Nesse espetáculo, ninguém é mais vitimado do que aqueles que estão sob o foco da investigação. Foi assim com o ex-Reitor da Universidade Federal de Santa Catarina, Luiz Carlos Cancellier, exposto ao escândalo de uma operação policial por meio de uma delação, com prisão decretada para ser solto logo depois e colher os frutos da execração pública, do desprezo da comunidade, do incessante foco dos holofotes midiáticos e das restrições incompreensíveis de que sequer ingressasse no recinto universitário. Ele também não escapou à espetacularização do calvário processual criminal.
Os impactos psicológicos do processo penal foram sensivelmente sentidos no investigado, culminando na fatalidade do seu suicídio. Se mesmo nas prisões, a grande ocorrência de suicídios já é “um bom indicador sobre os graves prejuízos psíquicos que a prisão ocasiona” (BITENCOURT, 2004, p. 197), não é diferente com as cautelares que segregam indiscriminadamente os sujeitos acusados - a prisão, seja qual for, é uma “máquina deteriorante” (ZAFFARONI, 2001, p. 135).
No bolso do ex-Reitor foi encontrado um bilhete onde estava escrito: “A minha morte foi decretada quando fui banido da universidade!!!” O suicídio do Reitor evidencia, às escâncaras, a necessidade que nossa sociedade tem em discutir a exasperação dos instrumentos mais criminais, mais rigorosos e restritivos à liberdade próprios do Estado Policial no qual se encontra.
Lamentar a fatalidade é, mais do que nunca, incitar o debate sobre o papel da mídia nas funções judiciais e a trágica faceta da politização do processo penal brasileiro, que agrada a sanha punitiva de interessados determinados e entretém os menos perceptíveis sobre a armadilha a qual se tornou o sistema jurídico. Armadilha essa em que amanhã pode cair qualquer um de nós. Se para o gestor de uma Universidade a prisão cautelar foi considerada necessária como demonstração do poderio totalitário estatal, para aqueles desconhecidos das classes sociais mais vulneráveis, o império da lei pode ser sempre mais severo. “Porque, se ao madeiro verde fazem isto, que se fará ao seco?” (Lucas 23:31).
Referência
BITENCOURT, Cezar Roberto, Falência da pena de prisão: Causas e alternativas. São Paulo: Editora Saraiva, 2004.

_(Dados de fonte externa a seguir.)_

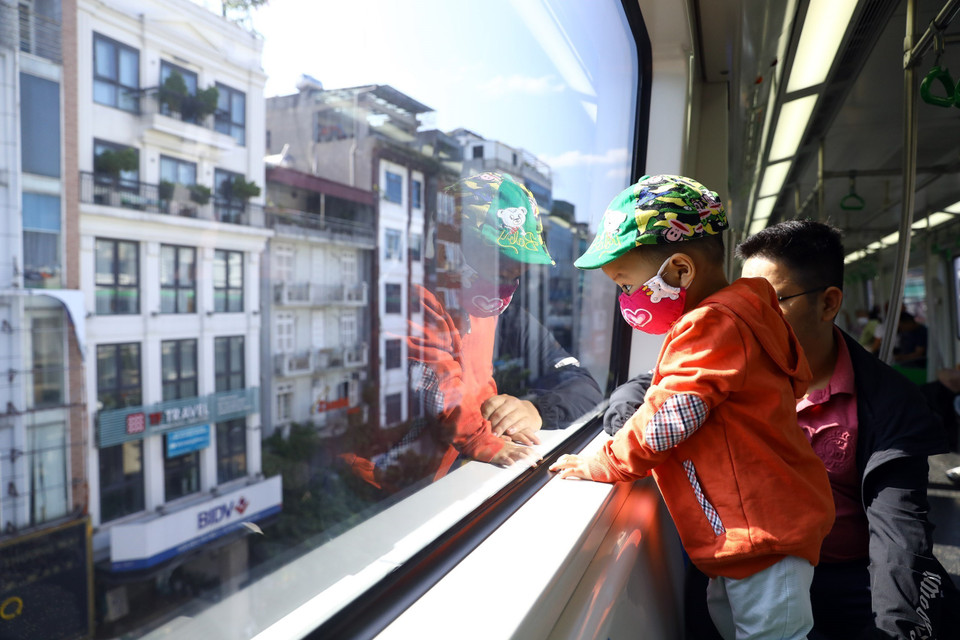 Trẻ nhỏ hứng khởi khi được bố đưa đi chơi bằng tàu điện trên cao. (Ảnh: Huy Hùng/TTXVN)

FOUCAULT, Michel. Vigiar e Punir: História da violência nas prisões. 41º. Petrópolis, Rio de Janeiro: Vozes, 2013.
SÁ, Alvino Augusto de. SCHECAIRA, Sérgio Salomão. Criminologia e os Problemas da Atualidade. São Paulo: Atlas, 2008.
ZAFFARONI, Eugenio Raúl. Em busca das penas perdidas: a perda de legitimidade do sistema penal. 5. ed. Rio de Janeiro: Revan, 2001.
Nota
[1] A linguagem jornalística, ao utilizar argumentos romanescos na sua narrativa, apresenta personagens como vilões, heróis ou vítimas. Assim, os fatos noticiosos são tratados como meros conflitos entre forças antagônicas: uma força heroica e outra vilã. (SÁ, SHECAIRA, 2008, p. 55).